Multi-Language and Multi-Prover Verification with SAWScript
Presented as part of the 2015 HCSS conference.
Abstract:
SAWScript is a domain-specific language for orchestrating software analysis tasks, including formal proofs, that may involve multiple programming languages and multiple formal analysis tools, as part of the Software Analysis Workbench (SAW). SAWScript allows users to build and manipulate formal models representing the full semantics of code under analysis, from a variety of languages, including LLVM, JVM, and Cryptol. These formal models are represented within a single intermediate language, and can then be combined, transformed, and emitted to external proof tools such as SAT/SMT solvers and interactive theorem provers.
Using SAWScript allows an automated and integrated proof process, replacing what would otherwise have been a tedious and error-prone effort of manually combining results from a collection of subsidiary proof attempts. SAWScript is an integrated, interactive environment. It is not restricted to analyzing systems written in a single language, and one can compare, say C and Java implementations within the same SAWScript session. SAWScript also allows a variety of external solvers and proof tactics to be used within a single proof attempt. One could, for example, use one tool for reasoning about portions of the code involving arithmetic, and another for reasoning about bit-level semantics.
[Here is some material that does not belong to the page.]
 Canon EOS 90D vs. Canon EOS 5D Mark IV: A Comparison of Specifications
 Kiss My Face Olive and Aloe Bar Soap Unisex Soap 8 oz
SAWScript has been used to verify equivalence of a number of production-quality algorithms, including implementations of Suite B cryptographic primitives from the OpenSSL and BouncyCastle libraries. This talk will demonstrate the use of SAWScript on a number of examples of verification and analysis.
Biography:
Dr. Aaron Tomb is an engineer and researcher at Galois, Inc., where he leads efforts in formal methods and software analysis. Dr. Tomb has a Ph.D. in Computer Science from the University of California, Santa Cruz. His research interests focus on techniques for improving the quality of software, including type systems, static analysis techniques, automated and interactive theorem provers, and the use of high-level and domain-specific programming languages. He has led a number of projects at Galois aimed at detecting software bugs or proving their absence, using techniques such as symbolic simulation, axiomatic verification, model checking, and automated code generation from verified models.